STRETCH OUT (Diatonic Stretching Exercises for The Modern Guitarist)
Over the years many of my students have always been curious and intrigued as to how I build comfort and control in my chordal technique when it comes to playing close interval voicings and tonal clusters (which because of the tuning and physical layout of the instrument require large finger stretches on the fretboard) or two-voice contrapuntal lines and phrases (which require complete separation of both voices and full sustain of all note values that more than often have to move in very intricate finger patterns).
In this book I want to present to you some of my favorite exercises and practice ideas I have developed over the years for my own playing style and that have been instrumental in developing a very comfortable and balanced technique when it comes to close interval melodic and harmonic playing on the guitar.

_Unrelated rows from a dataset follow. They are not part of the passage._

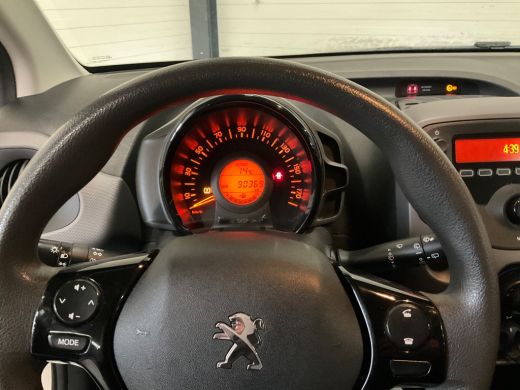 Peugeot 108 1.0 e-VTi Active ActivLease financial lease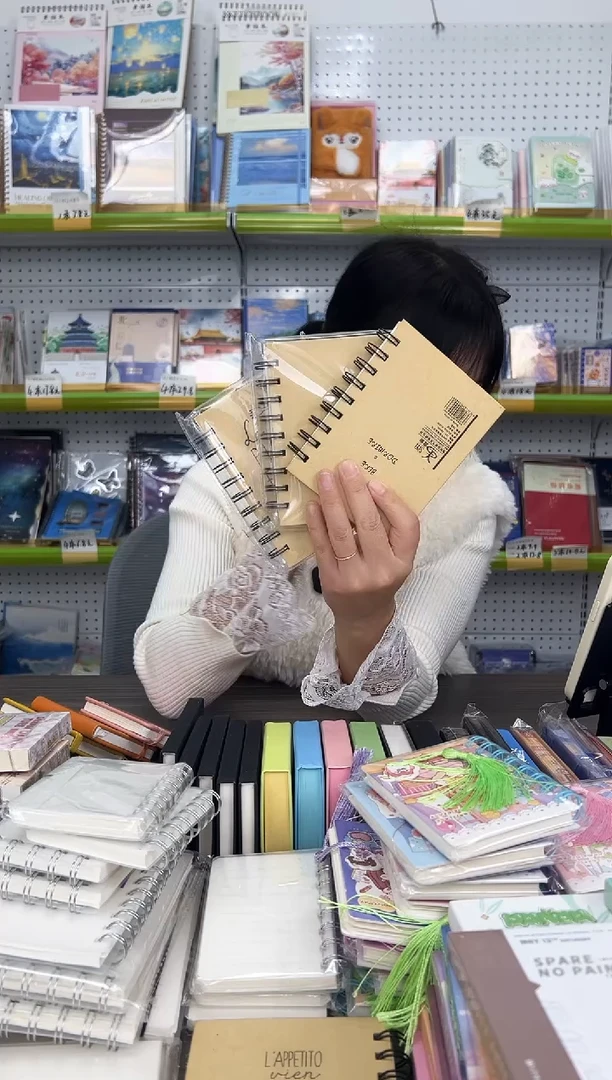 64K牛皮硬壳线环本内页空白-封面随机4本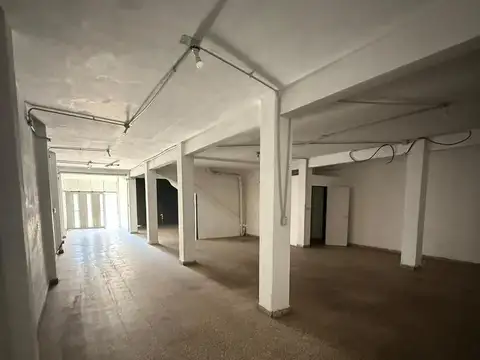 Local en Venta 43 años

The myth that you need to have long fingers to be able to play these beautiful and densely rich harmonic landscapes on our instrument is completely false. Of course, there are certain advantages and limitations when it comes to the physical differences between all of us but the most important aspect required for to execution of such voicings and phrases is flexibility and not size - and that is something we can all work at little by little.

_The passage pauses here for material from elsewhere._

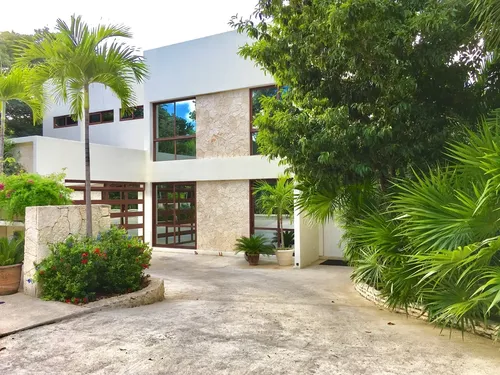 Casa en venta en Villa de Golf Bahía Principe, Akumal, Tulum, Quintana Roo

All the exercises are diatonic in nature and are presented through all their diatonic modal transpositions within the G Major scale.
For practical reasons all the exercises are notated from the lowest to the highest position of the tonal center but when you start practicing them I advise you to start on the highest position (where the distance between the frets is smaller and therefore the required finger stretches are easier) and then little by little work your way down through the modal positions until your finger flexibility increases and the execution of the phrases becomes comfortable throughout the entire range of the instrument.
Also, it is important to pay close attention to the value of all notes in each exercise and when you practice always sustain them for their full value as that is crucial in developing an even and well balanced technique especially when the fingers are physically stretched to their maximum.
Last but not least, make sure you practice very slowly and you move in small steps making sure you do not over-stress your hand. Keep in mind this is just like training to be an athlete; to avoid injuries and stress to your body you need to warm up, increase the load and intensity in very small amounts and always be aware of your body and the feedback it sends you.
As always, I hope you have fun with this material and remember that if I can feel comfortable playing such harmonic and melodic lines on the instrument with my small hands, everyone could potentially do it.